Published by: World Tibet Network News, Wednesday, Apr 17, 1996

By ELAINE KURTENBACH

Associated Press Writer

BEIJING, April 16, 1996 (AP) -- Tibetan Buddhists now are enduring the worst wave of repression since martial law was imposed in the Tibetan capital in 1989, a human rights group has reported.

Chinese authorities are imposing harsh controls to prevent Tibetan Buddhism from becoming a motivation for pro-independence sentiment, the International Campaign for Tibet says.

The report was released Monday to coincide with debate on China's human rights record by the U.N. Human Rights Commission, now meeting in Geneva.

China rebuffed the report as false, saying it was based on information from people whose "main goal is to create chaos."

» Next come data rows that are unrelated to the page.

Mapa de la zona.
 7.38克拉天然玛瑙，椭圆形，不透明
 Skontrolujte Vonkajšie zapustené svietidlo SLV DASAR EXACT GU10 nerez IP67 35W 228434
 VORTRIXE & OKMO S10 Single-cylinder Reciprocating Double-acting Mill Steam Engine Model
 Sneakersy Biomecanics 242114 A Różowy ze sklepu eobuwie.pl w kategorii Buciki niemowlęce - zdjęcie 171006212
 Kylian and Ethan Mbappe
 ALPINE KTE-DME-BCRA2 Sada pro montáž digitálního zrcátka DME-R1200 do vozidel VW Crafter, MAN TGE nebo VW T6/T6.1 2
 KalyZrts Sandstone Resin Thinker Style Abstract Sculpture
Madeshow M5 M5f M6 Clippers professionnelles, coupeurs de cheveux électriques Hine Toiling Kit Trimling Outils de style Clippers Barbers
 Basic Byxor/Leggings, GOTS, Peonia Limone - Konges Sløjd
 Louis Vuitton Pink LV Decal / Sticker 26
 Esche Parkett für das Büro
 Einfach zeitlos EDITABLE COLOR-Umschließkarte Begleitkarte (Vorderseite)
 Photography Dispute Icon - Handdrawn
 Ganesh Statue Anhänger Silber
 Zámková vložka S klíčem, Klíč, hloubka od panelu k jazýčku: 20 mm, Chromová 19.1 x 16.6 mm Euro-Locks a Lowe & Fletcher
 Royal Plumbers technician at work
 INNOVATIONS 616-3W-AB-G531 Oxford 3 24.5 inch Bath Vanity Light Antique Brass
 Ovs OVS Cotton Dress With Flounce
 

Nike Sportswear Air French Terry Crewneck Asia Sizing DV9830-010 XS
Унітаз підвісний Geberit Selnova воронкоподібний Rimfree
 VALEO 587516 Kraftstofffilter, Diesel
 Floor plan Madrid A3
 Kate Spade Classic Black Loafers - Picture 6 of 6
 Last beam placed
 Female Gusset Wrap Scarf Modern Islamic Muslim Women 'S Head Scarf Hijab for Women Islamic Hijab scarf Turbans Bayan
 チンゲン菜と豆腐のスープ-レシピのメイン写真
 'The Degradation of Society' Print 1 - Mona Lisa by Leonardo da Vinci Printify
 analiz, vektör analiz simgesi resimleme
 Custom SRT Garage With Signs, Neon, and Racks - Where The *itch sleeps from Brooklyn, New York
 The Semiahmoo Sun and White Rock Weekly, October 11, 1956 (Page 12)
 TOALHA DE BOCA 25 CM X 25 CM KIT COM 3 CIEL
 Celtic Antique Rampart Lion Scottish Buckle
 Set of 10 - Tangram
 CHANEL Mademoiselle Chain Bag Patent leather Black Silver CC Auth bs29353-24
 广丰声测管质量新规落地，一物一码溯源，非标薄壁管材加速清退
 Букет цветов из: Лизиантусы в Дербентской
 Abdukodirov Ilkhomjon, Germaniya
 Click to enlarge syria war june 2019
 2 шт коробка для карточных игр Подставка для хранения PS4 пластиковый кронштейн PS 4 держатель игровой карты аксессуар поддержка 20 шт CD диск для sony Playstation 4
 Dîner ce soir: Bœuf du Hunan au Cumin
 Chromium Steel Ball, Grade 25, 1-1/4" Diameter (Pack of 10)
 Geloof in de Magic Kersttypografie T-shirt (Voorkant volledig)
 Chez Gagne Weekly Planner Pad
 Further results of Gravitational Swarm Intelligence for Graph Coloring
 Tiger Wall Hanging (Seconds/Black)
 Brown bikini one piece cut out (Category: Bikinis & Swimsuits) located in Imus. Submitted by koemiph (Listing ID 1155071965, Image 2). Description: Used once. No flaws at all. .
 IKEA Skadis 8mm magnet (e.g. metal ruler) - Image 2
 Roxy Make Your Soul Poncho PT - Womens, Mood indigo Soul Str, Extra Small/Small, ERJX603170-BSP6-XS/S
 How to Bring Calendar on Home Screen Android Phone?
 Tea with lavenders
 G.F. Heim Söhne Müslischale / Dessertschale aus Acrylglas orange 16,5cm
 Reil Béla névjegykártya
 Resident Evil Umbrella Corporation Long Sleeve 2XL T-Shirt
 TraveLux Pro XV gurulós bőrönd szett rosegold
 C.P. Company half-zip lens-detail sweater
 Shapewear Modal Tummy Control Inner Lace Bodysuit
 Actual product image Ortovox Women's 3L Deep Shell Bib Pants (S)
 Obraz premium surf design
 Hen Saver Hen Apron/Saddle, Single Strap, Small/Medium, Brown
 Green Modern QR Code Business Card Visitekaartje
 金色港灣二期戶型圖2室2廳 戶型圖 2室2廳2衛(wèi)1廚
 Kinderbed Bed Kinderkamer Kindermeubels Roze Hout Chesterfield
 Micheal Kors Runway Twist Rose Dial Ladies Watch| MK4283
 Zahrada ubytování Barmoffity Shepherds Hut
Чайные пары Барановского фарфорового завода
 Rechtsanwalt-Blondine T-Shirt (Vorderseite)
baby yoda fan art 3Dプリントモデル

"Things mentioned in that report have never happened," Chinese Foreign Ministry spokesman Shen Guofang told reporters today.

"The fact is that in recent years Tibet has enjoyed rapid economic growth too. What's more, religious beliefs have been protected, we have built many temples," Shen said.

The report said that China, having declared that there already are enough Buddhist temples and monks and nuns to attend to the "daily religious needs of the people," has begun restricting Tibetans from joining monasteries and nunneries and prohibiting unregistered construction of temples.

The group alleged a number of human rights violations -- all of which have been corroborated by other monitoring groups. It said monks and nuns detained by police are routinely beaten and tortured by such methods as electric shock, dousing with cold water, sleep deprivation, rape and other sexual abuse.

China sent its army into Tibet in 1950 and formally took it over a year later, claiming it was Chinese territory. Large pro-independence protests broke out in the late 1980s, until authorities imposed martial law in the capital Lhasa in 1989.

Reports of scattered protests continue, although they are difficult to confirm. Journalists rarely receive permission to visit the remote region, and officials there rarely provide information by phone.

The government encourages limited religious activity in Tibet, partly because it is a prime tourist attraction. But the report said officials fear that Buddhism posed a challenge to Chinese Communist rule there.

It also noted an official campaign to discredit the exiled Dalai Lama's position as a revered Tibetan spiritual leader.

As part of that effort, Beijing has refused to accept a 6-year-old boy the Dalai Lama named as the reincarnation of Tibetan Buddhism's highest-ranking leader inside Tibet, the Panchen Lama. Chinese officials insisted that Tibetan Buddhists enthrone another child. The Dalai Lama's choice is believed to be under house arrest, making him, the group said, perhaps the world's youngest prisoner of conscience.

The group also criticized the U.S. Department of State's annual report on human rights, which it said has erroneously indicated that Tibetans enjoy freedom of religion as long as it is not connected to pro-independence activities.